A former IT administrator at Palo Alto Networks has been charged with tipping off friends in advance of the cloud-computing company’s quarterly earnings announcements as part of an insider trading ring that made more than $7 million in illegal profits.
Federal authorities said Janardhan Nellore was at the center of the ring, using his access to a PAN database and work contacts to obtain highly confidential information about the company’s financial performance, including target and actual billings, bookings, revenue, and growth rate.
“With that inside information, Nellore acted as both a trader and a tipper,” the Department of Justice said in a news release.
Nellore and the four friends who allegedly received and profited from his tips were all charged on Tuesday with civil securities law violations by the U.S. Securities and Exchange Commission. Three of the friends — Sivannarayana Barama, Saber Hussain, and Prasad Malempati — worked in IT for PAN while the fourth, Ganapathi Kunadharaju, is a software engineer who went to college in India with Nellore.
A federal grand jury has also indicted Nellore and Barama on parallel criminal charges.
“The defendants unlawfully made millions of dollars by concocting a complex trading scheme using valuable inside information to profit by trading ahead of authorized disclosures to the investing public,” FBI Special Agent in Charge John F. Bennett said.

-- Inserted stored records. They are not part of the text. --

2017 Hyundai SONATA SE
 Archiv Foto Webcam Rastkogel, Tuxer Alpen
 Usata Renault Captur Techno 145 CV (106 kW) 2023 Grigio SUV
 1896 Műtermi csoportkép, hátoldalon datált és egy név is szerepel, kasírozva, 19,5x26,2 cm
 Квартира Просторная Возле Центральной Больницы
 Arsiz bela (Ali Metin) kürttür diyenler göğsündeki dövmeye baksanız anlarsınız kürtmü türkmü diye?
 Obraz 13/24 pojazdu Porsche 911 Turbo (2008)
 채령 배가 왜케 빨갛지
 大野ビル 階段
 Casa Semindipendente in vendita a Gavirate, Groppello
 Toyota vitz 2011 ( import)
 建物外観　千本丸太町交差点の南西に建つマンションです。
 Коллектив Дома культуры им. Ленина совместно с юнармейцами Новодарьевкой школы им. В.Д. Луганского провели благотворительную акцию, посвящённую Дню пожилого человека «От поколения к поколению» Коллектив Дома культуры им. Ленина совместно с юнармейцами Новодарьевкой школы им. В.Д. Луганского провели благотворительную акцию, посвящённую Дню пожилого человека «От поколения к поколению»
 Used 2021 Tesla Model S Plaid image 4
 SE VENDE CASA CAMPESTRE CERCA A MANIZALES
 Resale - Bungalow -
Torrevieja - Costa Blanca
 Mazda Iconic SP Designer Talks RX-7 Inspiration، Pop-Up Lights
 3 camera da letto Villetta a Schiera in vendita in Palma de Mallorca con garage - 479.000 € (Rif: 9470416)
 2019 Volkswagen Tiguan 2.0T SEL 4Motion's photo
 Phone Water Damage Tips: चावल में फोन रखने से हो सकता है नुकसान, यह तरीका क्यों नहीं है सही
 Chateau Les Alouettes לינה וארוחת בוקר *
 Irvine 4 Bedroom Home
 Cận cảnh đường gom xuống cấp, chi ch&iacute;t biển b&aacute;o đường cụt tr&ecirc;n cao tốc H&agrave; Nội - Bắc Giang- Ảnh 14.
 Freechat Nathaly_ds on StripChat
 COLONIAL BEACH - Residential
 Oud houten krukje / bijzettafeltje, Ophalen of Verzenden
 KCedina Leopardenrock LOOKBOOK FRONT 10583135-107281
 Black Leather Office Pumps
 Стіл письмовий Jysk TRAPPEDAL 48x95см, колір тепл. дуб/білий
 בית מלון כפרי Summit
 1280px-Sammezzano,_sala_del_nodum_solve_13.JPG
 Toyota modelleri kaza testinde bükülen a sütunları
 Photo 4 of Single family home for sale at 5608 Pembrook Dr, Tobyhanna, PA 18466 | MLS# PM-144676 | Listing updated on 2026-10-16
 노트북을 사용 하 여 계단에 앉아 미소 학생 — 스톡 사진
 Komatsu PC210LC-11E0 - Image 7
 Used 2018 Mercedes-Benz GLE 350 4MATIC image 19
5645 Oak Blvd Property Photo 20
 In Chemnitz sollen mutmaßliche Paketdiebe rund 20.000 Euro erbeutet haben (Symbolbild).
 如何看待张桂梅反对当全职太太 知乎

Nellore joined PAN as an IT administrator in 2012 and, by 2015, had been promoted to a management position that, according to the SEC, gave him access to the SAP database by which the company determined its quarterly financial results.
“Nellore repeatedly accessed confidential information within the SAP database and other company systems while assisting the financial close process” and passed the information to his friends for the purpose of trading PAN securities, the SEC said in its complaint.
The trading ring allegedly used “straddle” trades, placing call and put options before PAN earnings announcements and selling the options after the announcements, and, at the peak of their scheme in 2017, achieved more than $7 million in illegal profits.